_Your task_:
In the material below, the lines between the one holding "Ação retira 150" and the one holding "label print iphone case", inclusive, are to be set down word for word. Pictures stay out.

─── Records shown

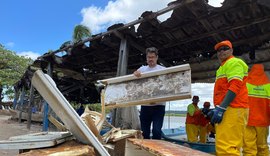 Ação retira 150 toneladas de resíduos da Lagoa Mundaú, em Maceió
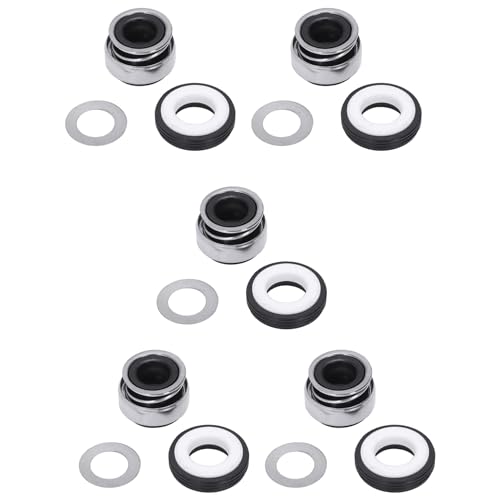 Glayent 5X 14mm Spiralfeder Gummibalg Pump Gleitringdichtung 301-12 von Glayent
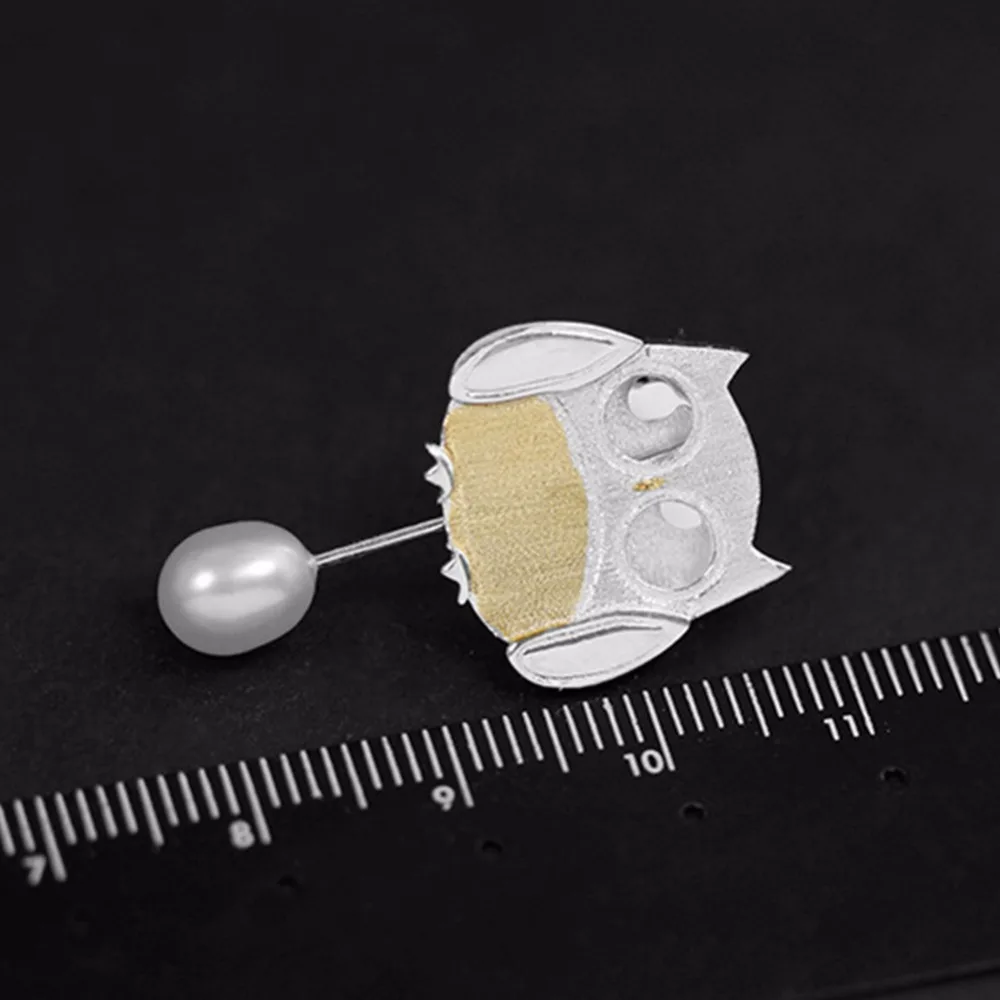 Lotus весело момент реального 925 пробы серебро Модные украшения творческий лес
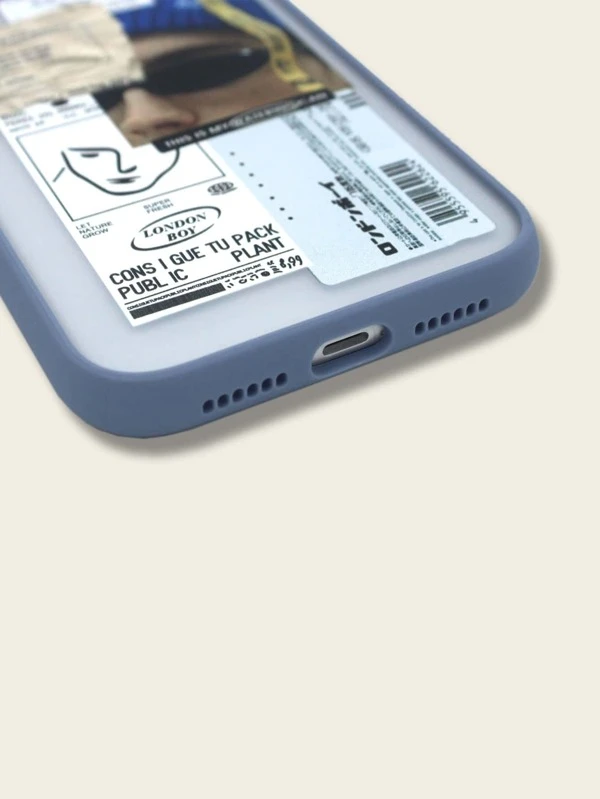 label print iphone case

──────
─── Records shown

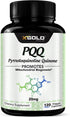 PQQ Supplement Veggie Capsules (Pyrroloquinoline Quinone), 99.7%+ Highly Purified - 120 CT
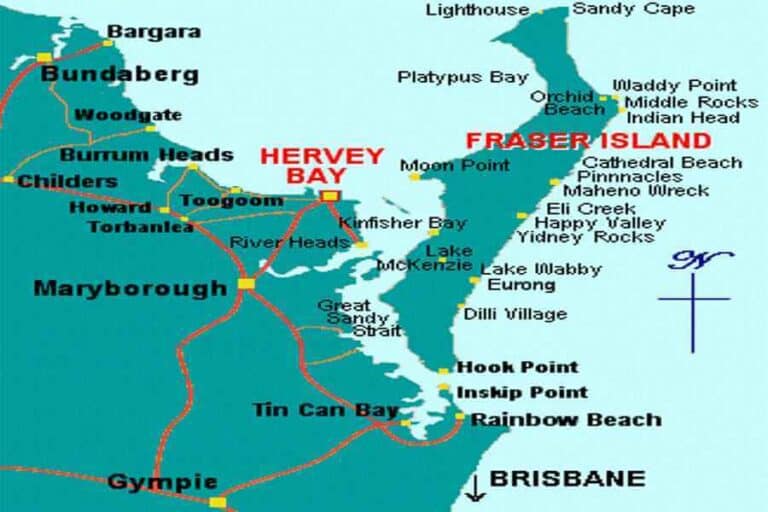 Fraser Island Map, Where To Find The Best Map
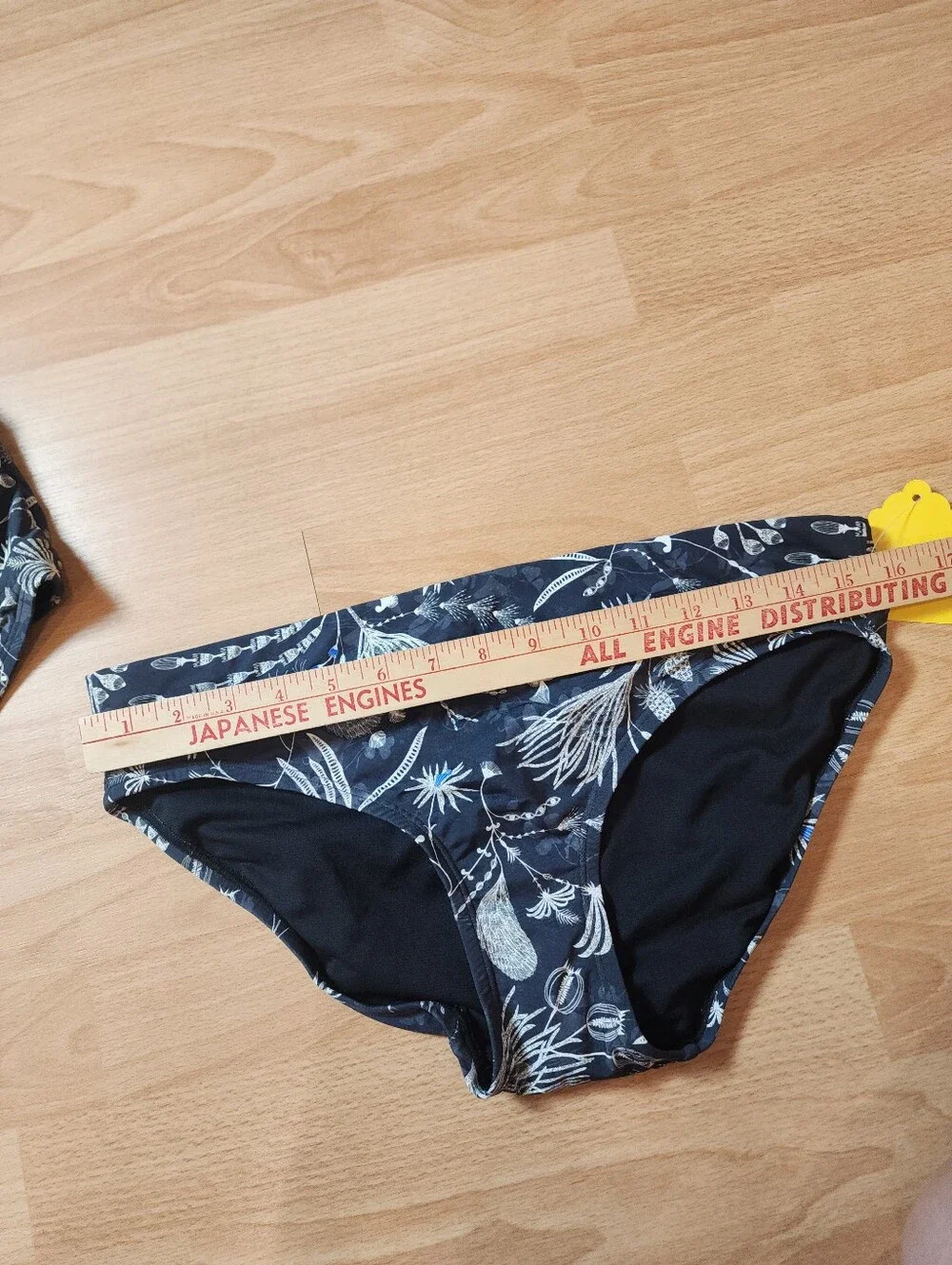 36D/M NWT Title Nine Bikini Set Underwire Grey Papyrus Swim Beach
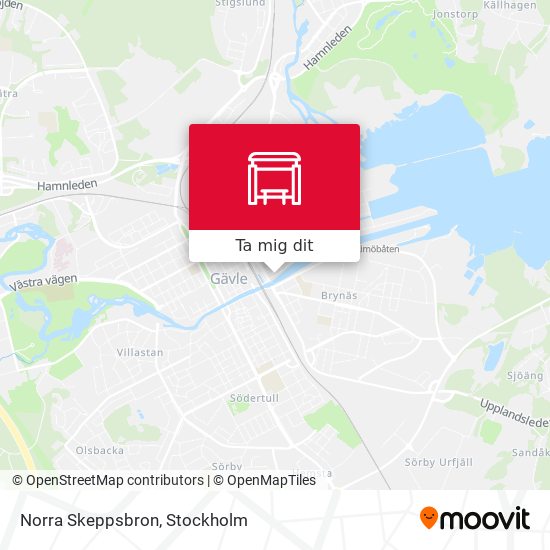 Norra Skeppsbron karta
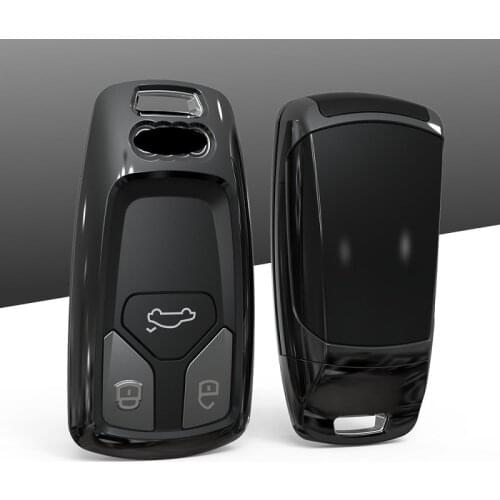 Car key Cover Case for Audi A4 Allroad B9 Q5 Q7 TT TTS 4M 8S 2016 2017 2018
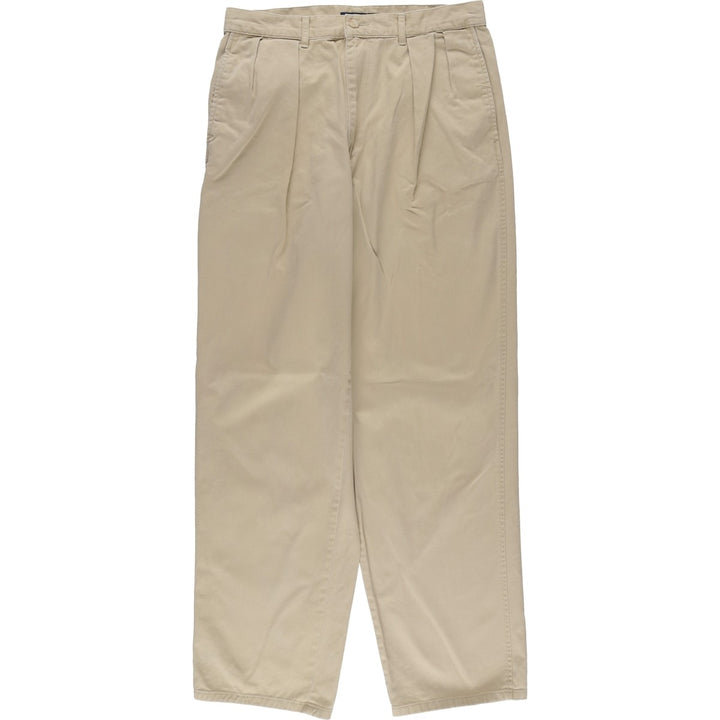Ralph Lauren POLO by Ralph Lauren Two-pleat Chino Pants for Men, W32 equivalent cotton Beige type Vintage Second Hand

──────
─── Records shown

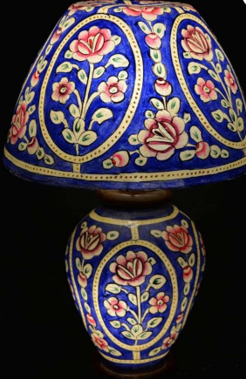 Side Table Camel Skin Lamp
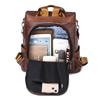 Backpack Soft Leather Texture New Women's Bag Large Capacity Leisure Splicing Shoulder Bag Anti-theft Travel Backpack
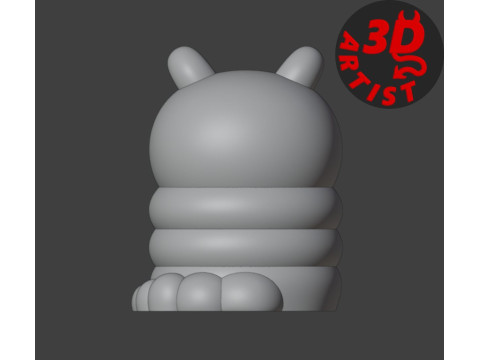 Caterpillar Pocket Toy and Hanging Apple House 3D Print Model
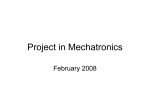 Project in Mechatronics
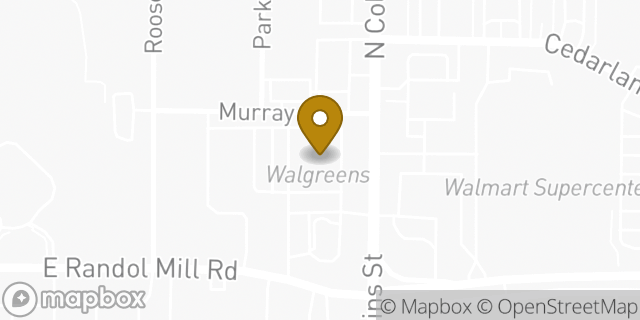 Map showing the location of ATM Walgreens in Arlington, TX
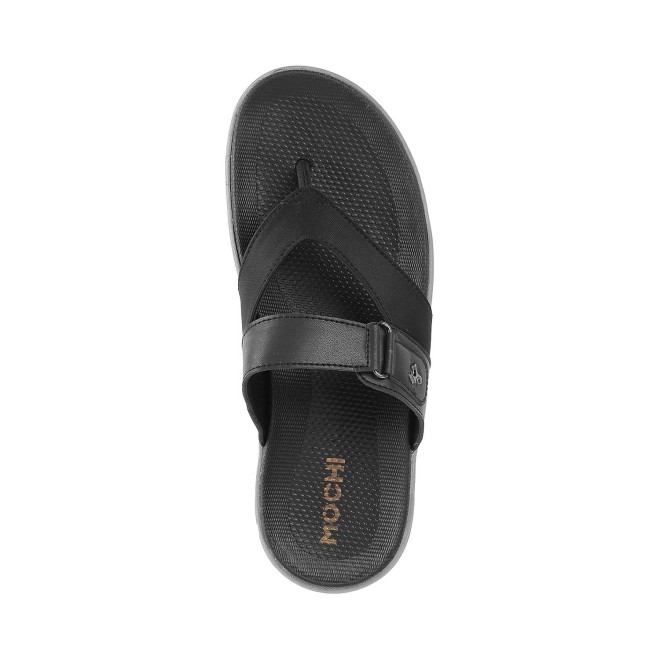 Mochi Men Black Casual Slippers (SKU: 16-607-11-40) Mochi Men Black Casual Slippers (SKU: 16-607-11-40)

──────

_Answer to this exercise_:
 Ação retira 150 toneladas de resíduos da Lagoa Mundaú, em Maceió
 Glayent 5X 14mm Spiralfeder Gummibalg Pump Gleitringdichtung 301-12 von Glayent
 Lotus весело момент реального 925 пробы серебро Модные украшения творческий лес
 label print iphone case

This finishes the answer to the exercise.